TASK INSTRUCTIONS >> The entries need to be copied exactly as they stand, images left out.

GIVEN DATA >>
++++

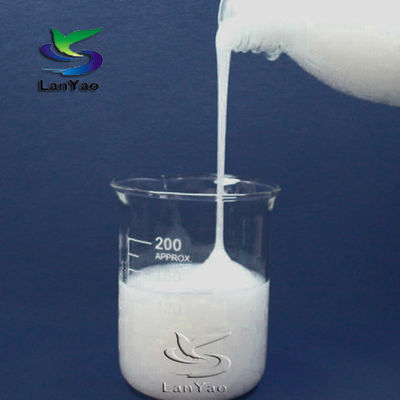 Hóa chất khử bọt 25kg / phuy cho lớp phủ tạo bọt dầu thô Đại lý phụ trợ Nhà máy hóa chất xử lý nước
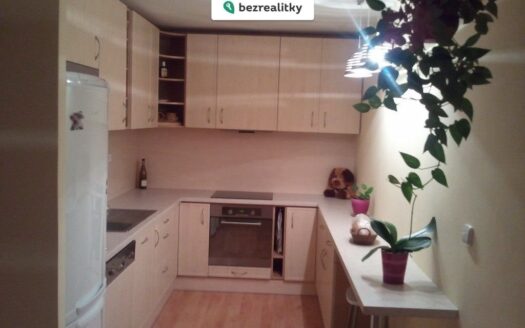 Byt 3+kk, 72 m² – Praha, Háje, ulice Cyprichova na prodej | REALT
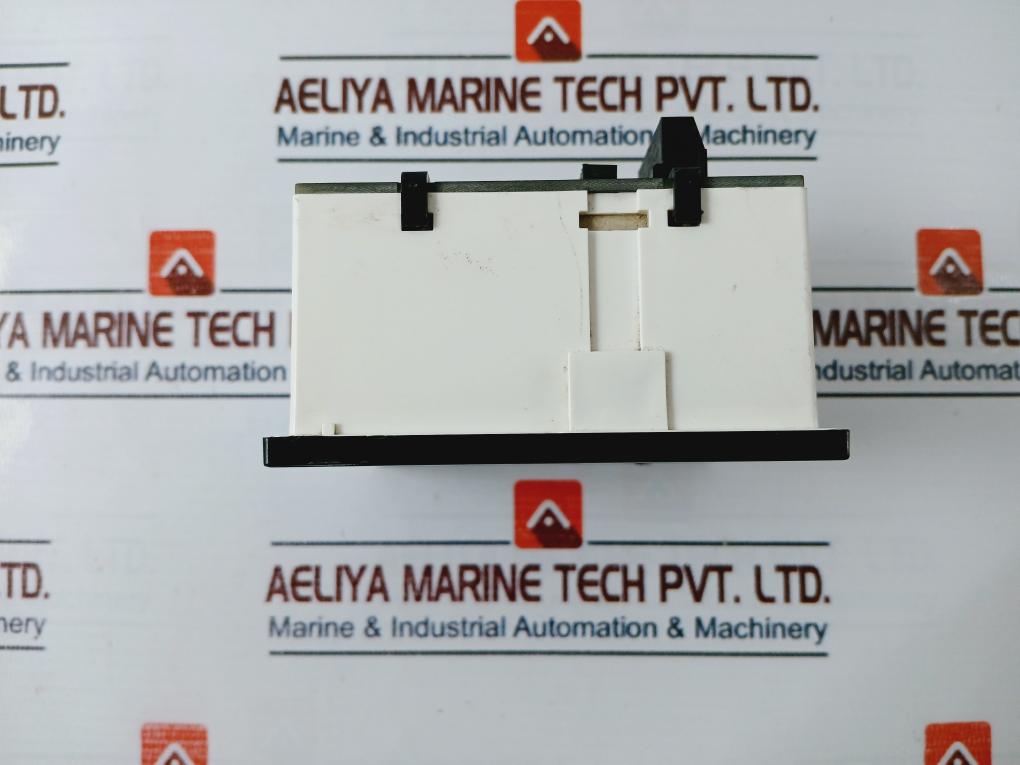 Deif Dlq96-pc-py Rudder Angle Panel Indicator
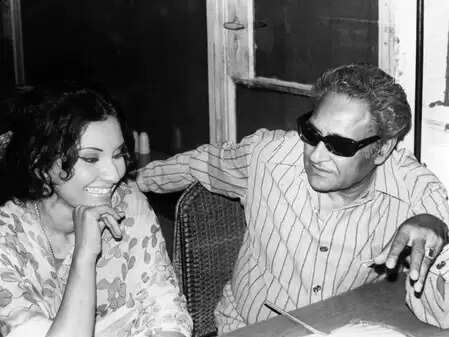 Ashok Kumar was a laboratory assistant, that’s how he became a superstar of Hindi Cinema.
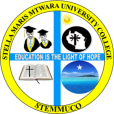 Stella Maris Mtwara University College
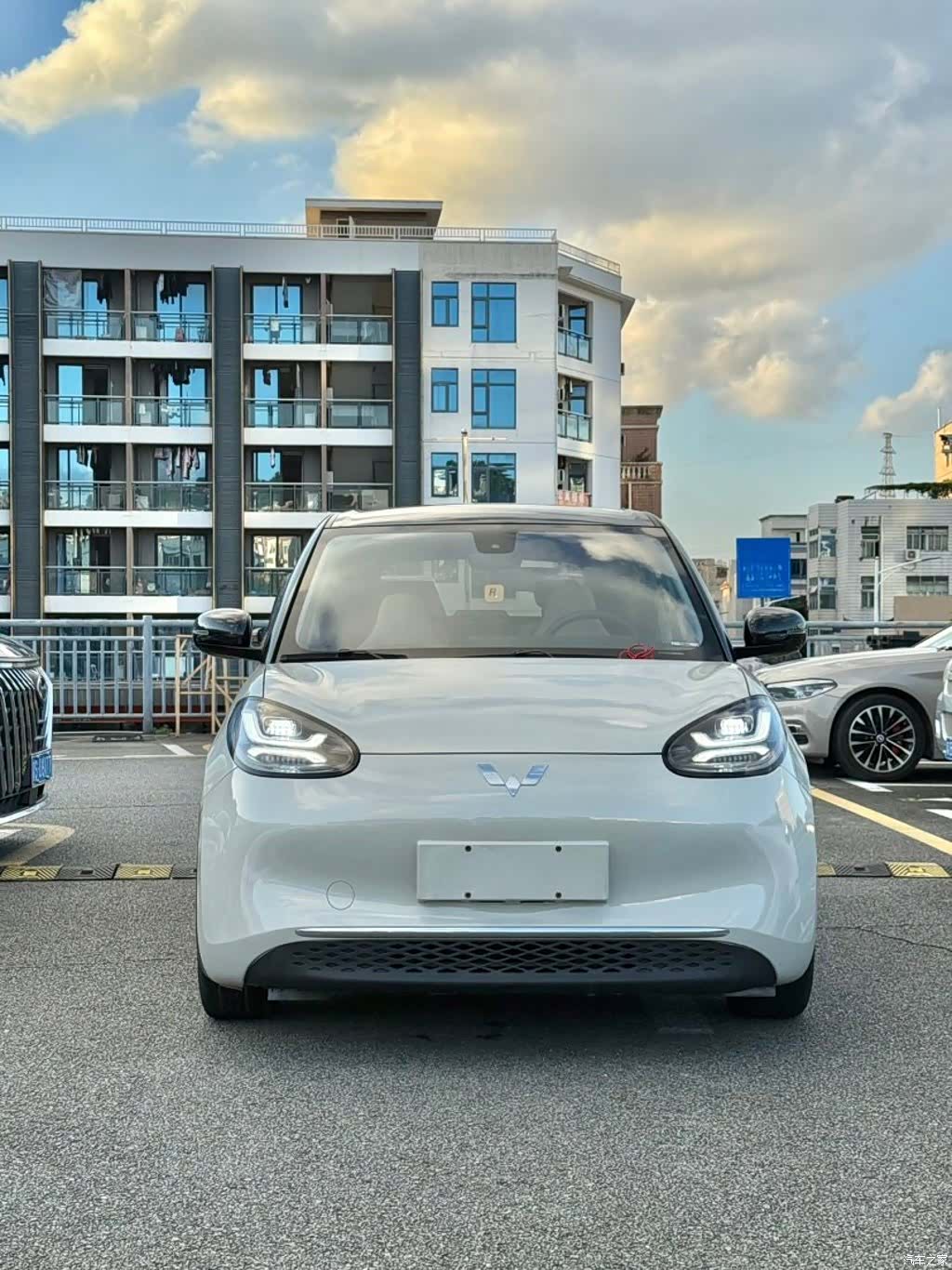 Wuling Bingo, 2024 2
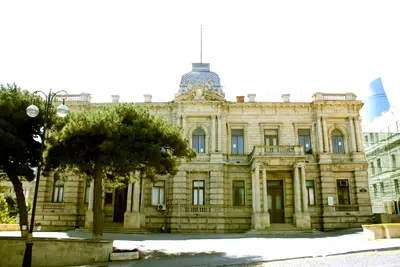 Baku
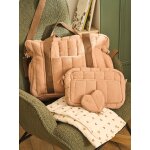 Sac � langer colina gaze de coton nutty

++++

TASK RESULT >>
 Hóa chất khử bọt 25kg / phuy cho lớp phủ tạo bọt dầu thô Đại lý phụ trợ Nhà máy hóa chất xử lý nước
 Byt 3+kk, 72 m² – Praha, Háje, ulice Cyprichova na prodej | REALT
 Deif Dlq96-pc-py Rudder Angle Panel Indicator
 Ashok Kumar was a laboratory assistant, that’s how he became a superstar of Hindi Cinema.
 Stella Maris Mtwara University College
 Wuling Bingo, 2024 2
 Baku
 Sac � langer colina gaze de coton nutty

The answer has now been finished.